I did have this thought. I was thinking how Jimmy Carter left Washington in one of the most dramatic exits in recent history. Millions of us were glued to split screen television images and alternately saw the nervous expressions of hostages deplaning from Iran, juxtaposed with a kingly Ronald Reagan seated in a wing-backed chair eating jelly beans as jubilant guests at his inaugural celebration gazed on in near adoration. Then back to images of the outgoing President boarding Marine One. After a last brave-face kind of wave, the Carters were off to Georgia, pretty much broke and seemingly humiliated. So much for the White House.
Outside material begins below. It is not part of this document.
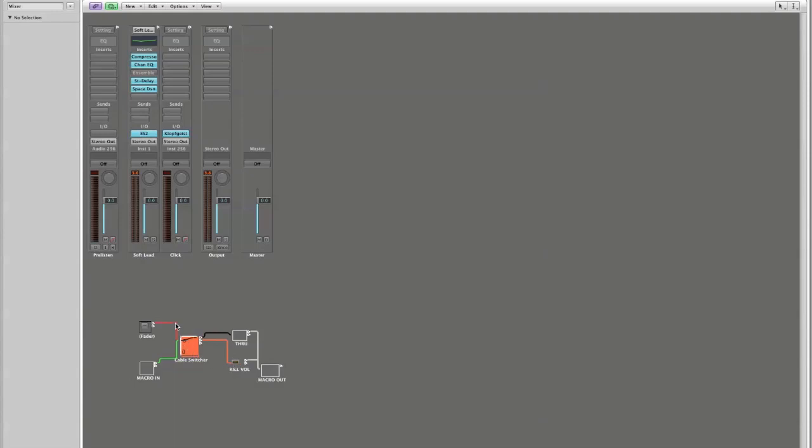is for the kill volume transformer. Now because we have two outputs, if I click on my switch, notice that it is switching back and forth between the zero position and the one position, which is off, which means through, which means nothing is going to happen to my signal, and position one, which is then sending the signal through this transformer to the macro out.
Of course there are those who still say that Jimmy Carter, a very smart man, failed in Washington. But 35 years down the road, it’s pretty clear that Jimmy Carter had a higher calling that he was able to realize once he got clear of the Beltway. It’s a tough arena, and the present failure there lies in the refusal of well-funded, intractable cohorts to realize that the promise of our democracy lies in the opportunity it offers for change and reinvention to an ever-evolving we-the-people. Brilliant. But rather than given their due, progressive ideas and voices are met with fear and a relatively new phenomenon, loathing. Now, thanks to social media, the dysfunction is available to view at a tap, 24/7. Hats off to those good souls who try to persist in an honorable way in what is surely not our fathers’ House and Senate.
Short of a Martian invasion, it’s going to take a thought revolution and certainly new participation to course correct how our national government functions. In the meantime, what to do? There’s a big country outside of Washington and a bigger world outside of our borders, all intricately connected. Back to President Carter. Since leaving office, he has overseen the eradication of guinea worm disease, a brutal, crippling ailment affecting thousands in western Africa. He has monitored elections worldwide, built homes for the poor in and outside of the U.S. Free from the confines of elected office, Carter has been a vocal champion for human rights and social justice. He is a Nobel Laureate. Now, at 91 and terminally ill, he has announced that his legacy focus will be to address violence against women worldwide.
Heading to 2016, there is no shortage of opportunity to serve wherever one looks. Delaware, our nation and the world needs bright, experienced, compassionate problem solvers to dig in where they have a real chance of making a significant impact. Redirecting the ability to raise enormous sums of campaign funding to instead fuel new social ventures is a wonderful skill to bring to this mix. Jimmy Carter did it. Just sayin’, Joe.